The friendship between Ellie and Paul is without a doubt the best aspect of The Half of It.

But here the film decides to take things a little different and turns itself into a complex and nuanced tale. First of all, yes it’s a story of a lesbian Chinese immigrant and that is a huge thing in itself. But just having a progressive character in your film doesn’t make it groundbreaking or good for that matter, it’s what you do with those characters that matters. This story could easily turn into the ‘gay best-friend’ trope popular in so many rom-coms, but instead what develops is really nuanced and probably one of movie friendships in recent memory. The chemistry between Leah Lewis and Daniel Diemer is off the charts and the cute moments they share together were the highlights in film for me. And while Ellie is falling hard for Aster, Paul starts developing feelings for Ellie being unaware of the situation. Now this is the part of the story that could really go wrong by becoming very awkward or cheesy. But not The Half of it, rather it gives the decisions of it’s character real world repercussions which help them grow. Like Ellie Ellie says in another of her voice-overs, “no one will get what they want in the ensuing story. But they will get what they need.

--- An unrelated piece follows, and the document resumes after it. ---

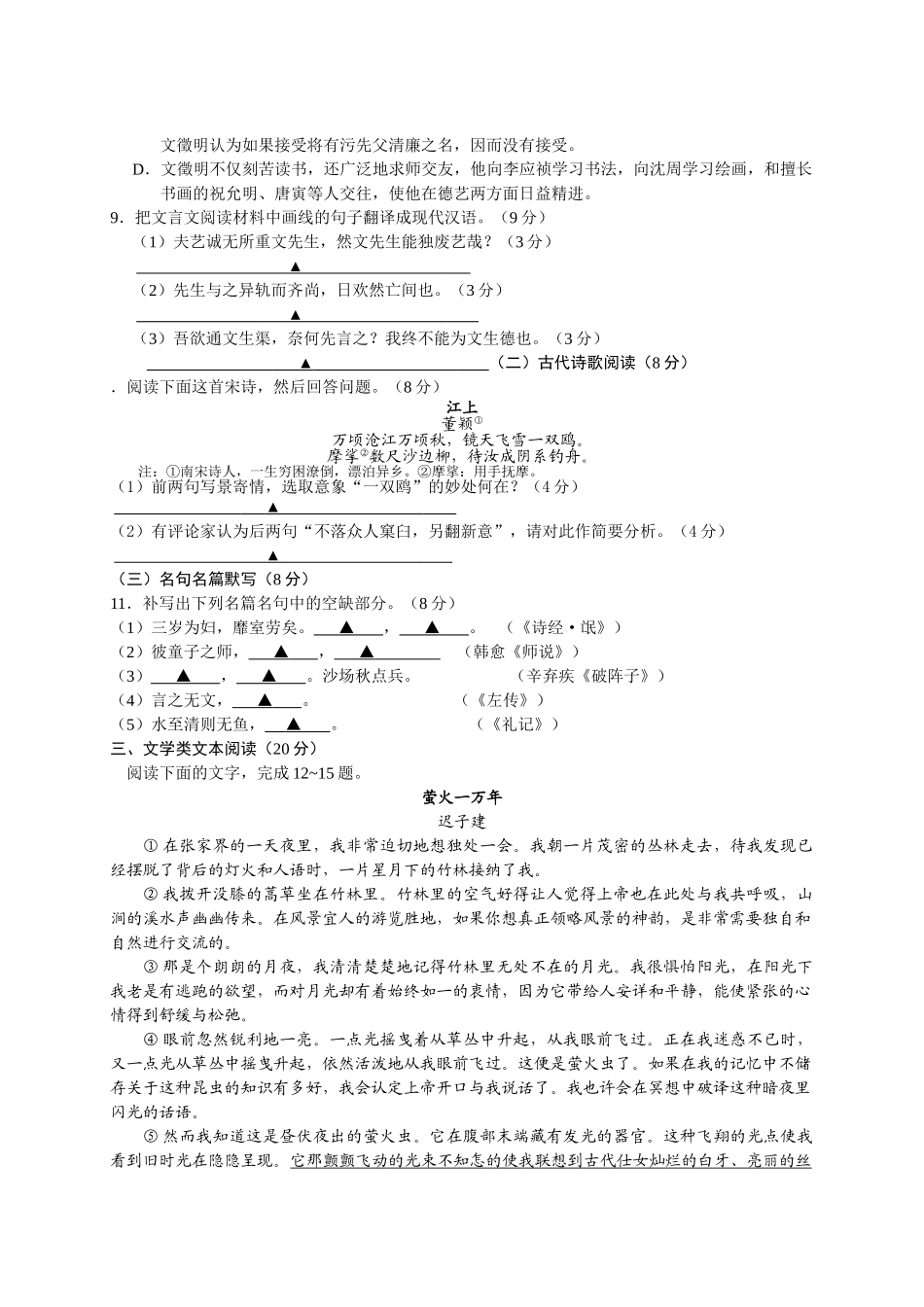 南通市高三第三次调研考试语文试卷_第3页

The Half Of It – Leah Lewis, Daniel Diemer, Collin Chou – Photo Credit: Netflix / KC Bailey Movie Review

That is not say that The Half of it does a perfect job of rising above it’s genre, it gives up to it in certain places, like in a “standing up and shouting out their feelings” scene in the third act. And while it doesn’t resolve in the conventional way, it still uses those devices to tell the story. It definitely breaks out and stand above others in the genre, but still it ain’t no 500 days of Summer. But hey, saying that it is not as good as one of the best movies of this century is not really a criticism. And considering how many rules this movies breaks, from story telling plot devices to real life issues like teenage sexuality, Asian culture and even a subtle dab at religion. But again, I have seen a lot of articles praise the movie just for being progressive and said how it criticized religious people, but reading was quite different, I didn’t feel like it was undermining religious people at all, if anything it made understand why they believe what they believe in. And that’s the thing, this movie takes each of its characters seriously and gives them layer – saying that this movie is trying to show down upon any community only undermines the things it tries to speak for.

Ellie kissing goodbye to Aster in The Half of It.

Alice Wu does an excellent job in directing the movies, she adds just enough quirk and innovative techniques to make it all seem special. This is only her sophomore film and her last film was fifteen years back. I don’t know if it’s for any personal reason, but if it is because she wasn’t getting any work, that’d be a huge bummer because boy does she direct this film. Leah Lewis nails the lead role and surely expecting to see more for from her. The overall cast is really good too, not much bad stuff to say here. And yeah, the score – it is just beautiful and a lot more emotion to the story. I’m definitely gonna listen to that score over and over.

 “Love is messy, and horrible, and selfish, and … bold.”

So overall The Half of It is one of the rare teenage dramas on Netflix that’s funny and heart touching forever. Scenes like when Ellie’s dad speak about his wife’s demise for the first time or when Paul runs after Ellie on the train are gonna stay with you for a long time. And just like Tom in 500 days of Summer, when Ellie learns what love really means and we reach the heartbreak point in the story, you feel like you grow up with her. And then when she leaves her home for a successful career, you feel that change in you as you see Paul and Ellie struggle saying goodbye to each other. So, while it isn’t a love story, it is definitely one of the sweetest friendship, and that should be enough reason for you to give it a watch,

Paul running after Ellie’s train in the Half of it.

The Half of it is now streaming on Netflix. Big recommendation.